I climbed back up the mountain to enter the Gnishik Nature Reserve. It was another hot day, and I didn’t bring enough water with me. I hoped to find a spring, but had no such luck. With no water and the heat of the sun beating down, I decided it best to stop and rest. I found a tall tree set among the dry grassland, and set up my tent underneath; tired and thirsty, I decided the best thing to do was just sleep.

I slept the entire night, and when I awoke, it was still early in the day, so I started walking down the trail. To my amazement, I saw two rangers quietly sitting on the edge of a cliff, observing wildlife from afar; I knew they would know where to find a spring. But instead of just explaining, they offer to take me in their jeep all the way to Areni village. After say goodbye, I decided to sample a bit of what makes Areni famous: wine. I stop at every roadside stall to sample the homemade drink, and ten (or so) glasses later, I stumble into the Hin Areni factory, join a tour group and drink some more.

After losing a drinking match, I was awarded some authentic Taraz replica pants. Somehow—piss drunk—I left the factory, put on my “trekh” shoes to complete my outfit, and began heading north.
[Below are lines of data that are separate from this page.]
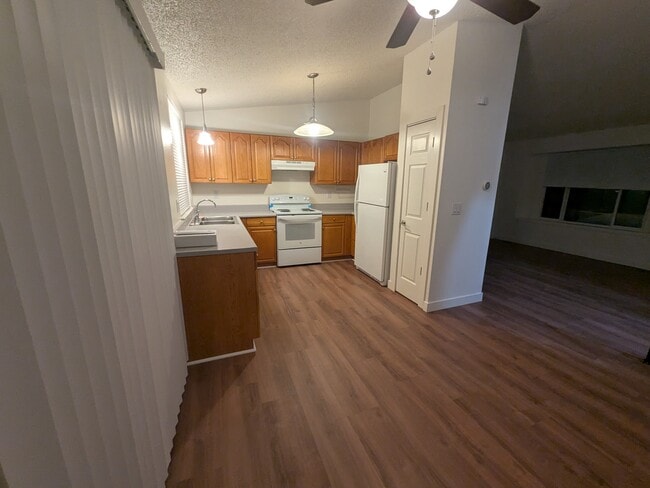 Photo - 8491 Rabbitbrush Way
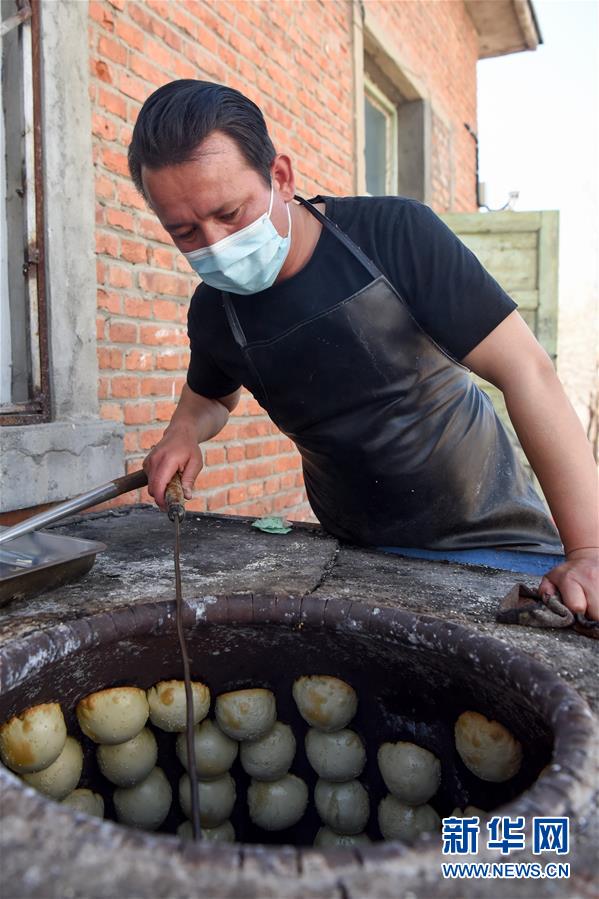 （決戰(zhàn)決勝脫貧攻堅&middot;圖文互動）（8）阿布都艾尼北上務工&ldquo;三級跳&rdquo;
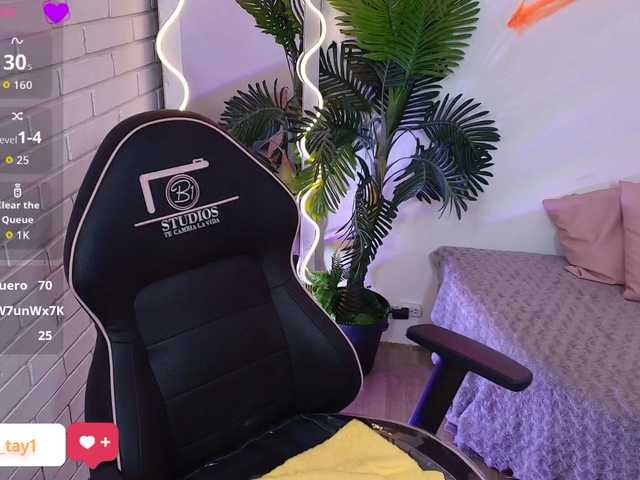 Live sex webcam photo for Bunni-tay #292096751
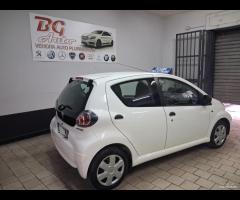 Toyota Aygo 1.0 12V VVT-i 5 porte unico prop 2012 - 6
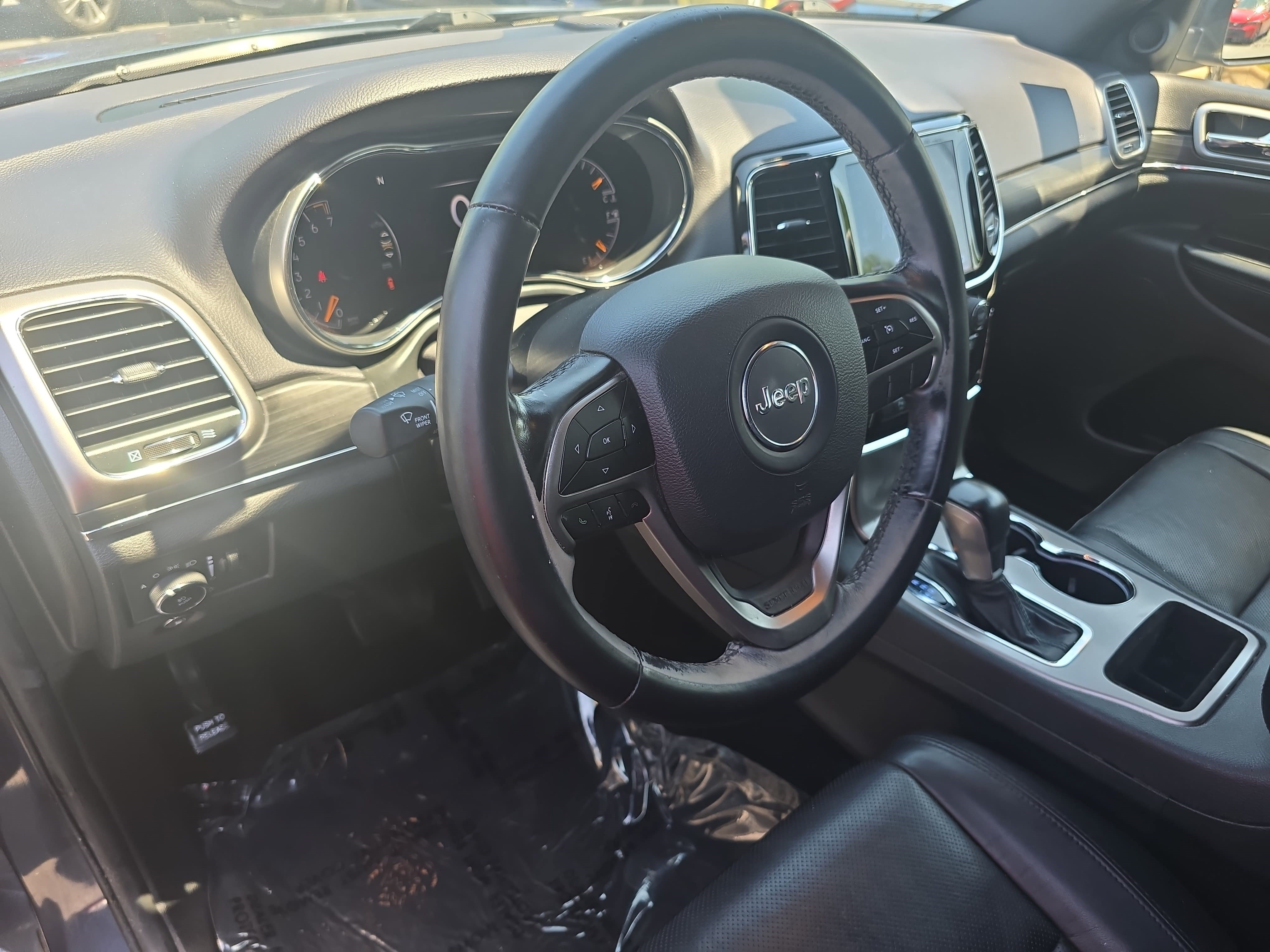 Used 2021 Jeep Grand Cherokee Limited w/ Luxury Group II RWD image 15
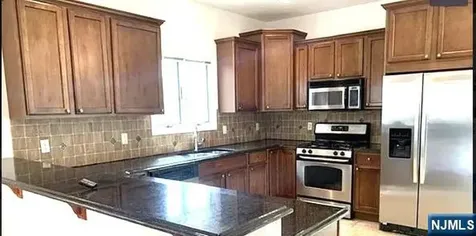 531A 2nd Street Palisades Park NJ 07650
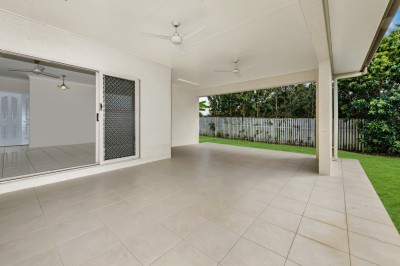 66 Hillock Crescent, Bushland Beach, QLD 4818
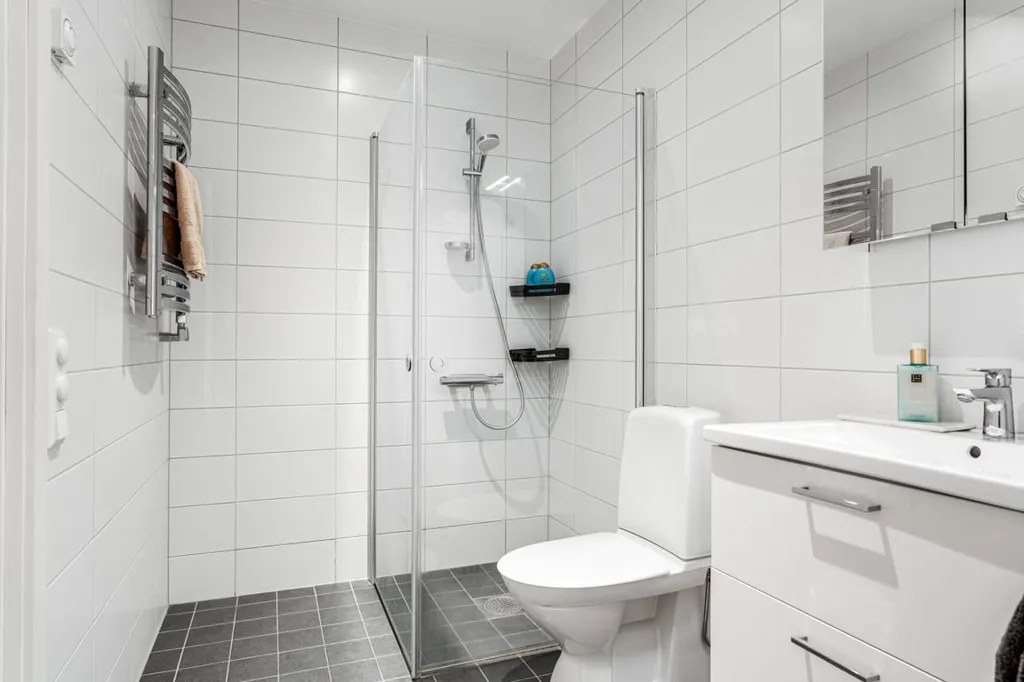 Bagni - Terraced House with Spacious Terrace in Suburban Area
I woke up under a peach tree along the side of the road. It was still light out, so I followed the vineyard into the village of Rind. Asking for a place to camp led me further past the center toward the football field, but a young man intercepted and sent me to his relatives’ home. There they fed me, gave me cool water and hot coffee to drink, and a place to stay outside. When the rain came at 3 a.m., I moved undercover, and at 6 a.m. was awaken by the grandpa to go water his fields. He showed me a “cross-stone” carved into a boulder, like those in Gomk, and a large rock with a human-sized hole running through it—presumably used to store grain. He talked a lot, mostly about the past and pride and tradition… “Why aren’t I married?” was brought up too many times to count. I was happy to leave his home and his annoying son (my age) who wanted me to model in order to advertise his handmade goods.
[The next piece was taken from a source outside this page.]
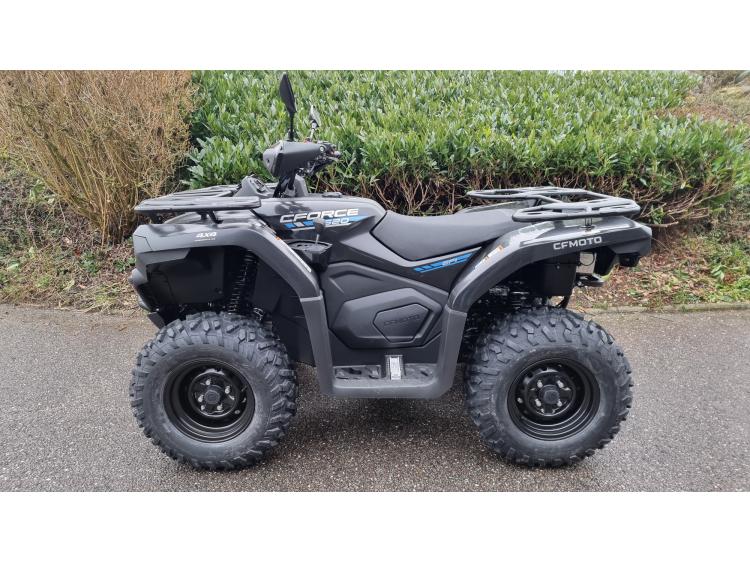 QUAD CF MOTO CFORCE 520 COURT COFFRE OFFERT POUR 1€ MOTORS 54 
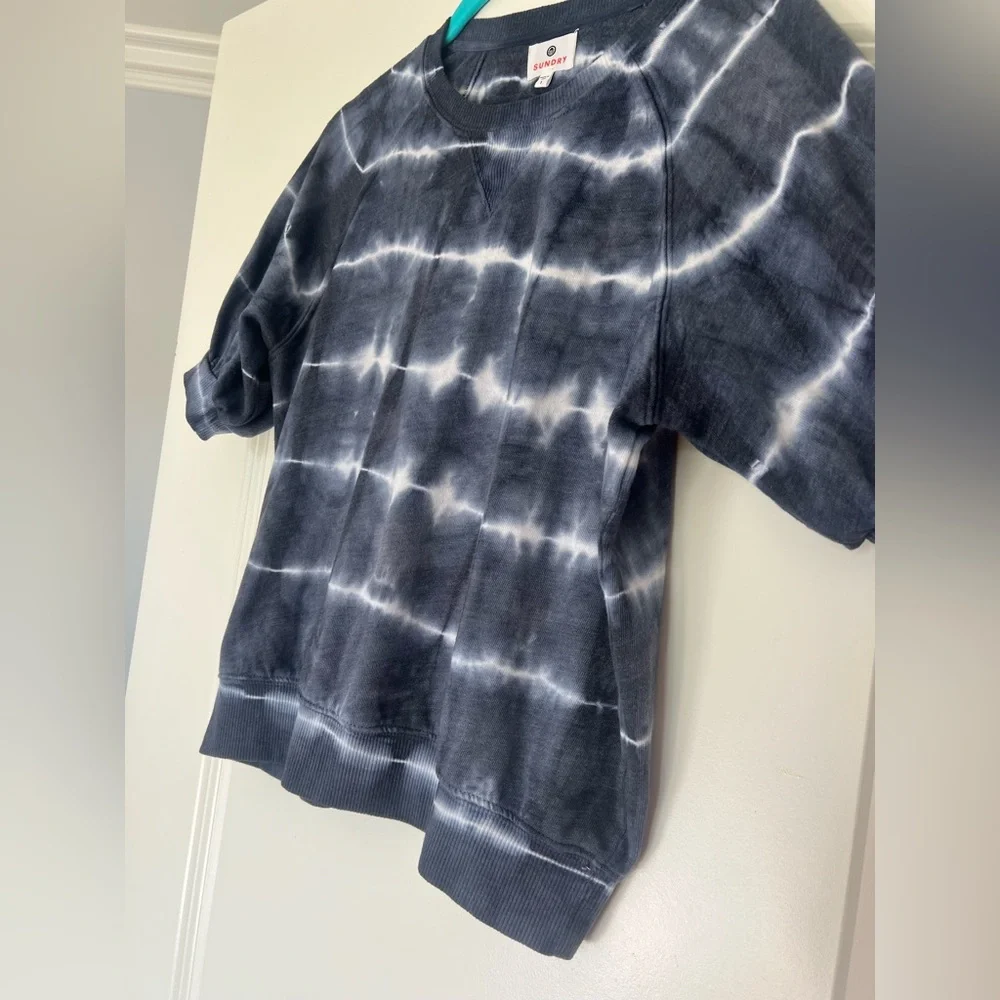 Sundry Tie Dye Puff Sleeve Raglan Sweatshirt in Navy/White Size S (4-6) - Picture 12 of 15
From there, it was a long, boring walk through more fields toward the village of Yerpin. I camped at a giant boulder at the center of the village. A rock that had always intrigued me whenever I saw it while driving on the highway in this part of the country caught my eye once again: I thought there was a cave there, but discovered—unfortunately—that I was wrong. Later, I woke up in the cover of clouds and rain again, two straight days, but it still makes for a refreshing change. Reminds me of home in Seattle, the soft pitter-patter collecting over my head and shoulders and drenching my backpack and tent.
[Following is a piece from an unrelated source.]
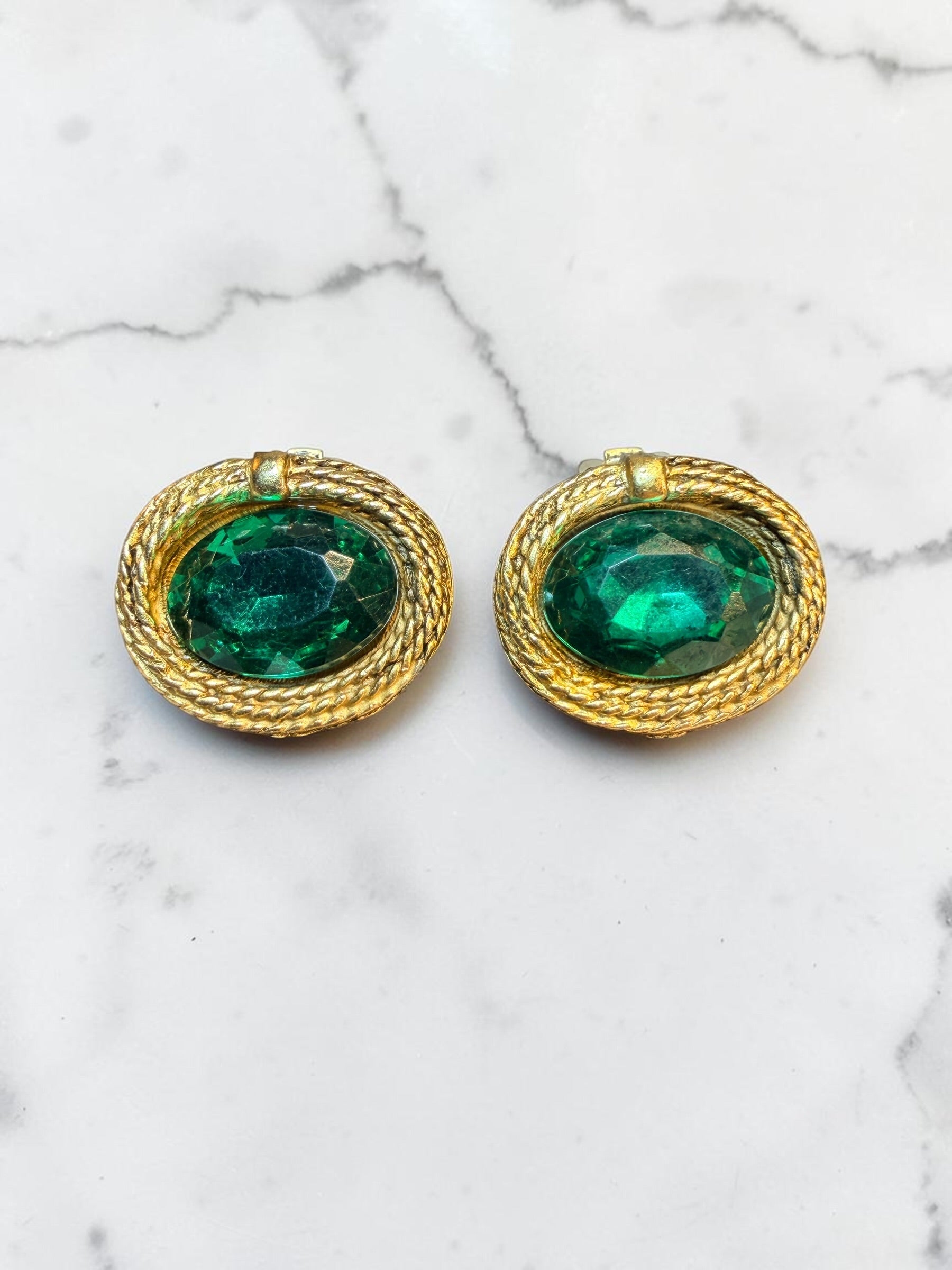EMERALD GREEN EARRINGS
When I reached Zangakatun village, I asked for a place to stay to dry off, and was offered a room in the village mayor’s building. I only stayed for a couple hours; then, my stuff dry, the clouds parted, under the sun I continued on. But first, I visited the museum-home of famous Armenian writer Parr Sevag. I had never heard of his work, but in the museum I read an English translation of some of his poetry: heavy, short and full of words I’d never used in my life, but all speaking to the universal human experience. After visiting his grave, I left to reach my favorite camping spot in Armenia, a place where I go rock climbing several times a year: Hell’s Canyon. I set camp under the tall cliffs, collected wild plums, gathered firewood, and promptly fell asleep, knowing that tomorrow I would head there.